The idea to look for the waves was suggested and published in science magazines by Soviet physicists Mikhail Gertsenshtein and Vladislav Pustovoit in 1962, and then developed further by academic Zeldovich and his followers, who explored the theory of gravitational waves. Braginsky and his teams have been working on developing detectors for LIGO.
According to Einstein's theory, published in 1916, the universe is made up of a "fabric of spacetime": massive accelerating objects in the universe are believed to bend this fabric, causing ripples known as gravitational waves. The colliding of two black holes or merging of two pulsars are among the presumable causes of such waves' formation.
"The theory describes geometry of space and time. When gravitational wave propagates, it changes [this] geometry," Ivanov told RT, adding that "in general relativity and all modern studies of gravity the gravitational field is considered as something that is similar to the electromagnetic field."
"The discovery of gravitational waves could open a new window in our universe, because before we studied it only using electromagnetic [knowledge], and now we can do it in almost all wave bands, from radio waves to gamma rays," Ivanov said.
The ability to analyze the information carried on gravitational waves could potentially provide more insight into the Big Bang and other violent events in the history of the Universe, and help to explore if other universes exist, what is inside Black Holes and even potentially pave the way for time travel.

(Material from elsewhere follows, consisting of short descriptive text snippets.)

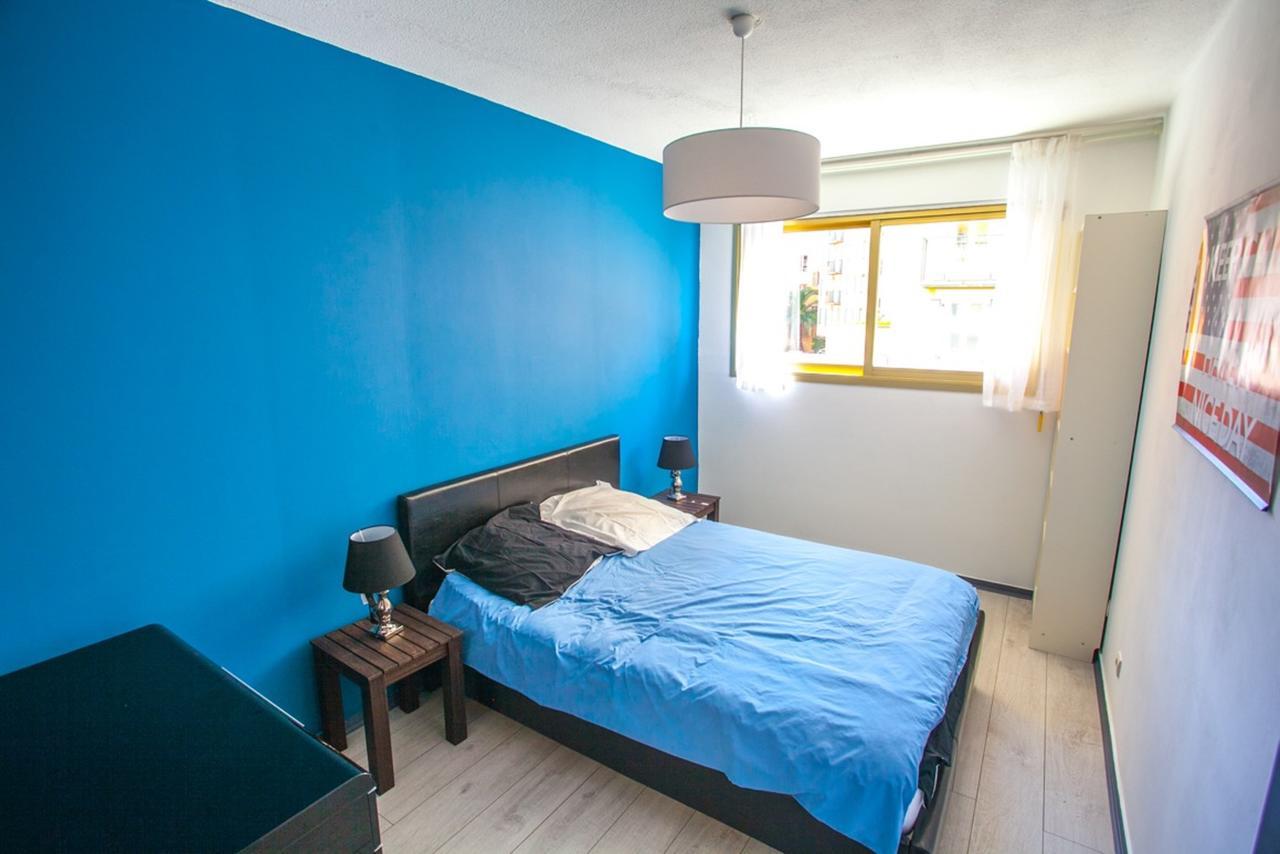 Appartement 3 pièces tout confort au centre de Nizza Esterno foto
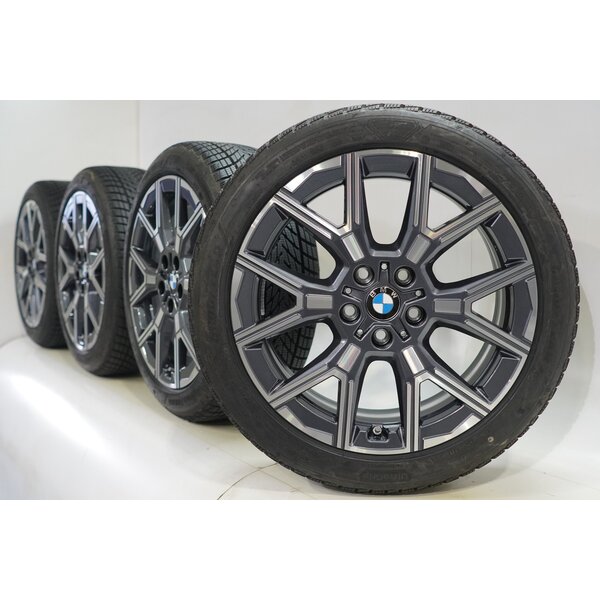 BMW BMW 1 serie 2 serie F70 F74 974 18 inch velgen Goodyear Winterbanden Origineel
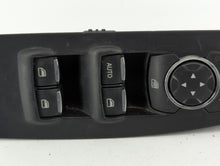 2013-2019 Ford Taurus Master Power Window Switch Replacement Driver Side Left P/N:GD1T-14540-ACW DG13 14B 133 RF3JA6 Fits OEM Used Auto Parts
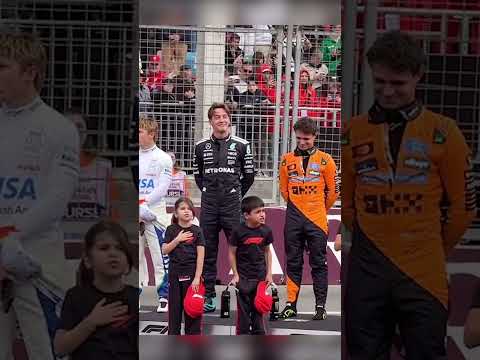 George Russell & Lando Norris Couldn't Hold In Their Laughter 🤣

Although Einstein predicted that gravity travels in waves a century ago, detecting gravitational waves was not an easy task due to the fact that their effect is miniscule and easily confused with random noise.
"Everything causes noise: a car passing by, a plane in the sky, or even tiny movements of the Earth's crust. Detecting a signal amid all this noise is extremely difficult, although of course there are methods, both mathematical and technological - and it costs a lot of money," Ivanov told RT.
The discovery might lead to creation of new chapter in physics – quantum gravity, scientists believe. It will bring together the knowledge in Einstein's theory and wave mechanics.